A chegada do Guarany à final não é à toa. Dos R$ 42 mil de custo mensal, cerca de R$ 30 mil são da folha dos 23 jogadores. Tecnicamente, não há atrasos no salários, apesar de 10 a 15% serem pagos além do mês. Um novo perfil de dirigentes assumiu o clube. O presidente Tato Moreira e os diretores Jorge Kaé e Cléo Coelho reestruturam o clube como podem. A sala de troféus traz lembranças do time bicampeão gaúcho de 1920 e 1938. As taças sobre prataleiras empoeiradas guardam a história desde a fundação, em 1907.

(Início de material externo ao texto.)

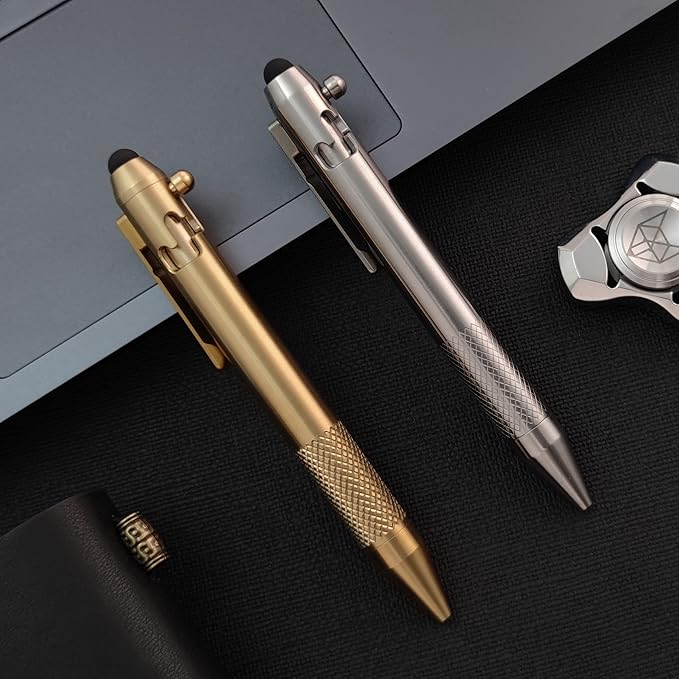 Cool Hand 4.9'' Brass Bolt Action Pen with Retractable Stylus Tip for Any Touch Screen Ballpoint Ink Refillable Compact Size Skelton Out Deep Pocket Clip (Brass)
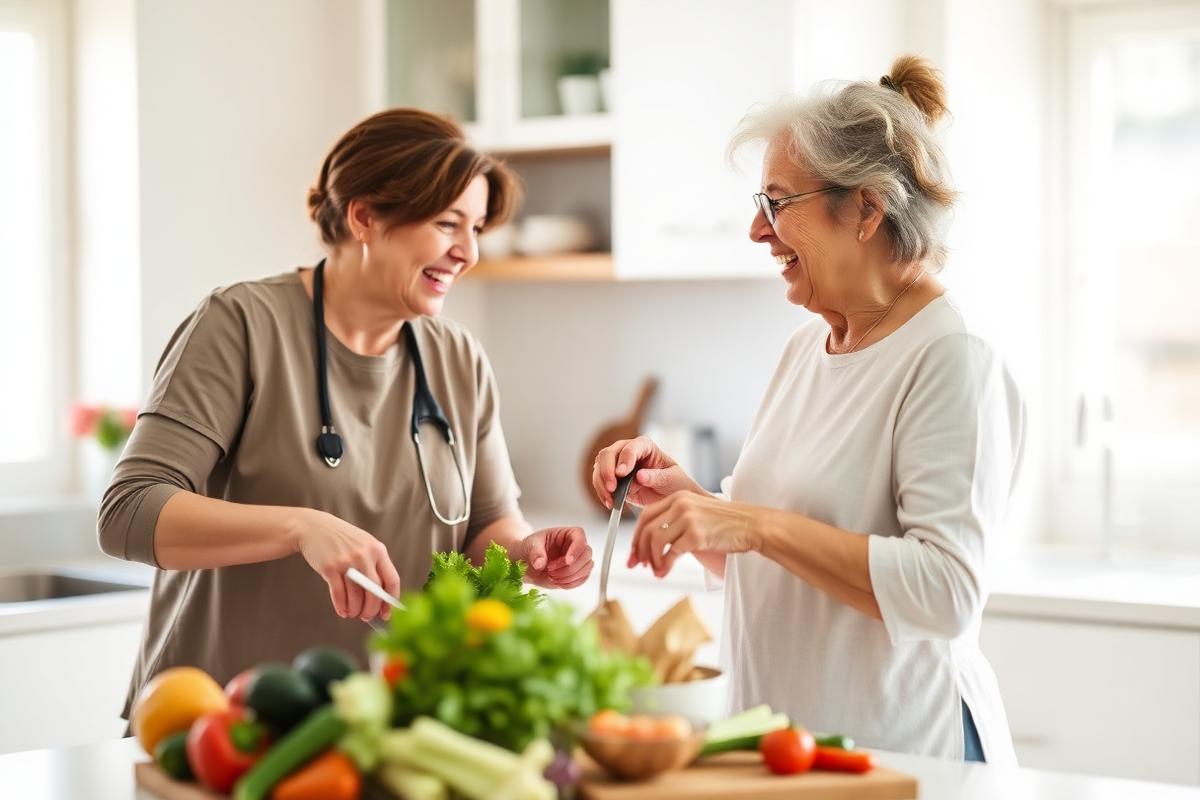 A caregiver and senior woman laughing while preparing vegetables in a bright kitchen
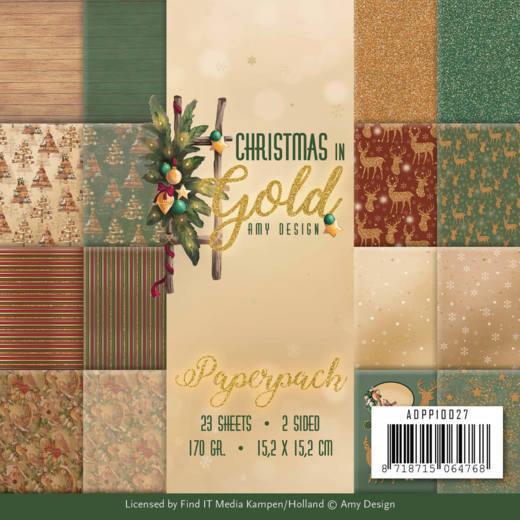 Amy Design Paperpack Papier Set Christmas in Gold 23 tlg. 15,2x15,2cm 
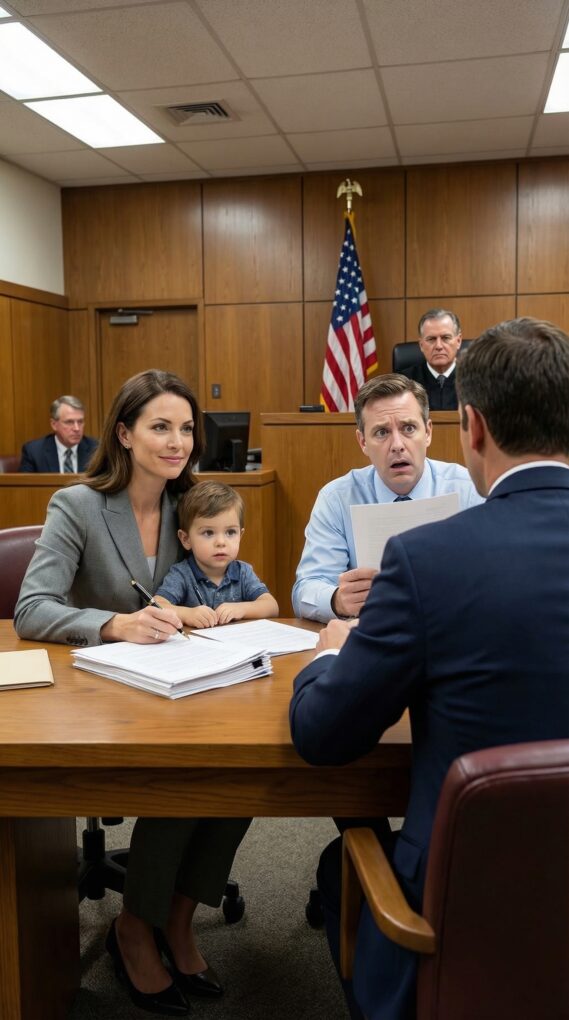 Megállt a konyhánkban, és azt mondta: „A házat, az autókat, a megtakarításokat akarom – mindent, kivéve a fiunkat.” Az ügyvédem könyörgött, hogy küzdjek, de a szemébe néztem, és azt súgtam: „Add oda neki az egészet.” Mindenki azt hitte, megőrültem. Az utolsó meghallgatáson az exem mosolygott, miközben mindent aláírtam… mígnem a saját ügyvédje elsápadt. Ekkor jött rá, hogy semmit sem vesztettem.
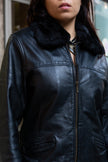 Vintage genuine leather jacket with faux fur colar (L)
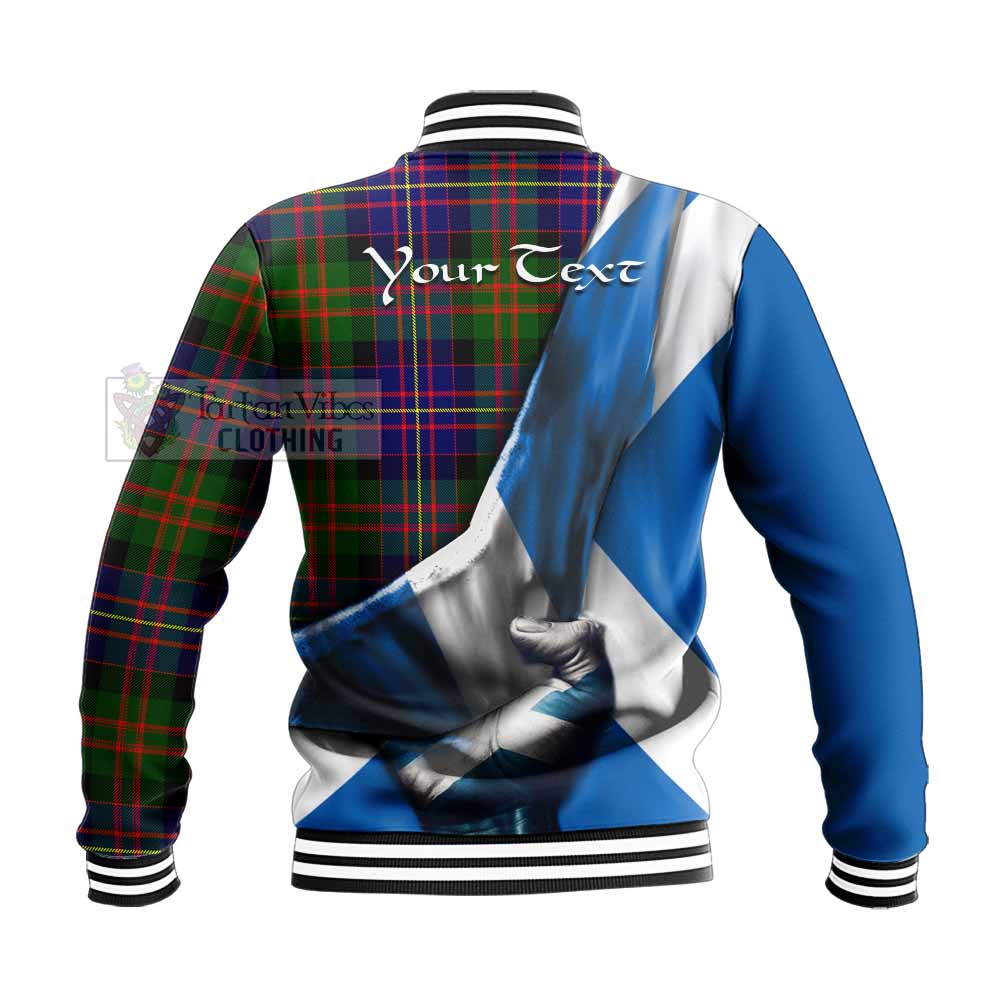 Chalmers Tartan Baseball Jacket with Family Crest Scotland Patriotic Style - Tartan Vibes Clothing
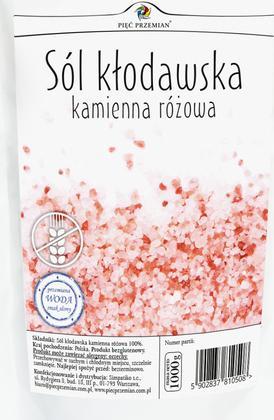 PIĘĆ PRZEMIAN Sól Kłodawska Kamienna Różowa Drobna 1kg PIĘĆ PRZEMIAN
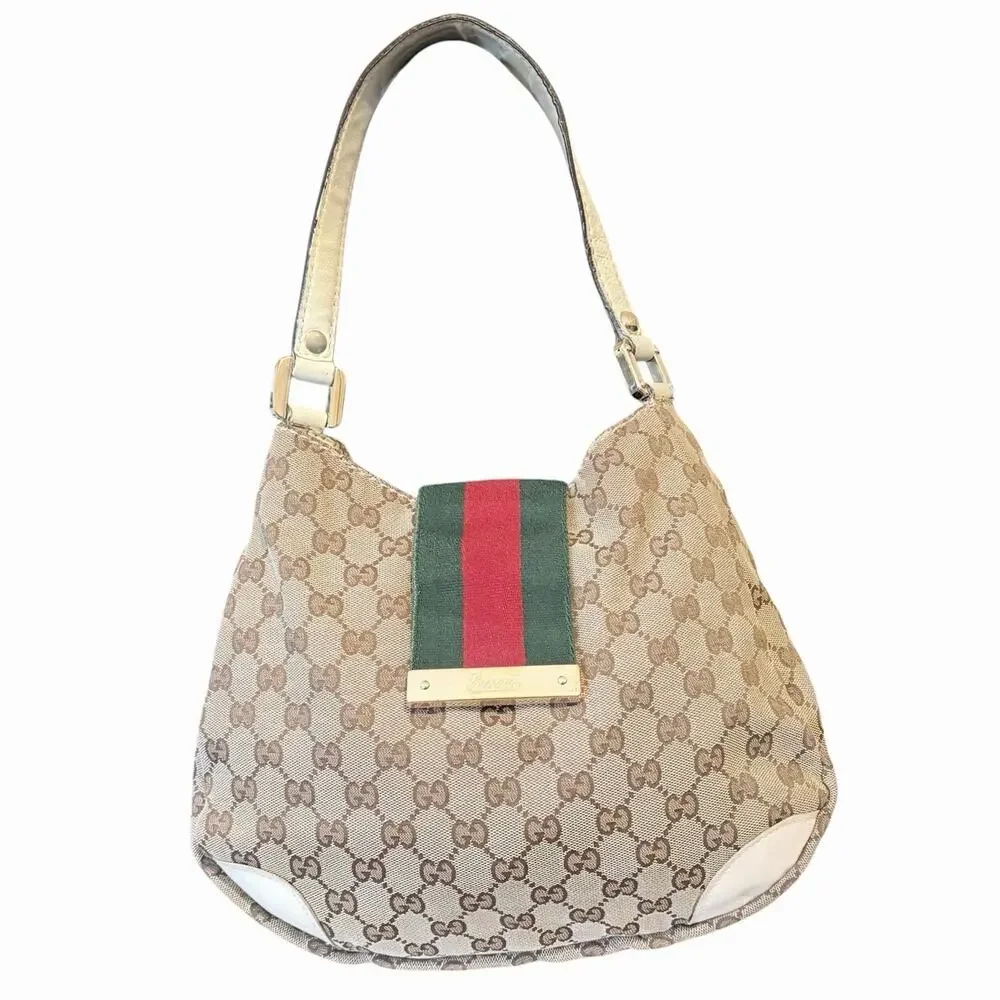 Gucci New Britt GG Canvas Web Stripe Hobo Shoulder Bag Beige Gold Hardware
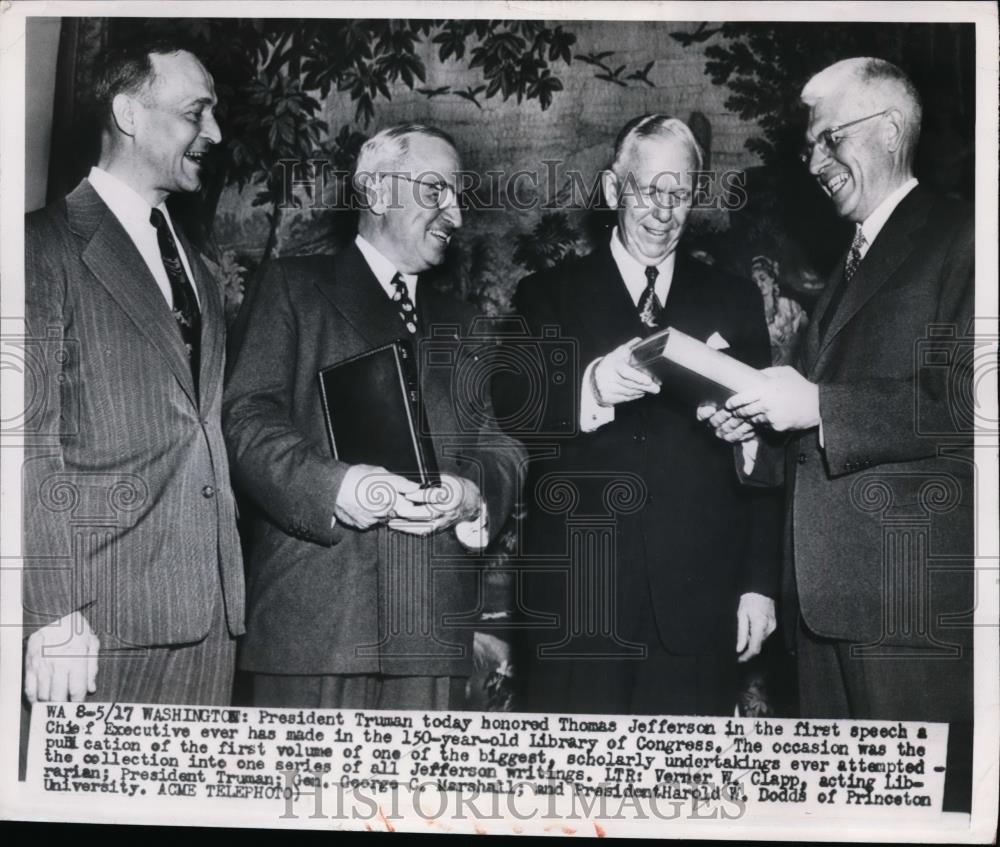 1950 Press Photo President Harry Truman honored Thomas Jefferson - nee94237 - Historic Images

A rivalidade com o Bagé, porém, continua secular. Em junho, os jogadores Bruno, Welder e Ângelo, do Guarany, contraíram caxumba. Foram vacinados em tempo, e o problema foi contido na concentração. Mas em seguida o vírus apareceu fulminante entre os jogadores do Grêmio Bagé. Era época dos clássicos da fase final da Terceirona, e o Bagé nem apareceu a um jogo na cidade. O episódio ficou conhecido como Batalha da Caxumba – e o Guarany passou.
O meia atacante Welder, apesar da caxumba, é goleador do campeonato. Marcou 13 vezes. Mas podia estar dirigindo profissionalmente. Aos 21 anos, no final de junho, ele estava decidido a trocar a vida de jogador pelo táxi. Tem de sustentar a família com um filho pequeno no Morro Santana, em Porto Alegre.
– Tiro muito mais no táxi, cerca de R$ 3,5 mil por mês – conta Welder.
Os dirigentes do Guarany o convenceram: você quer ganhar mais agora ou apostar numa carreira no futebol?
Welder voltou para a concentração fria do Estrela D'Alva e desfez as malas.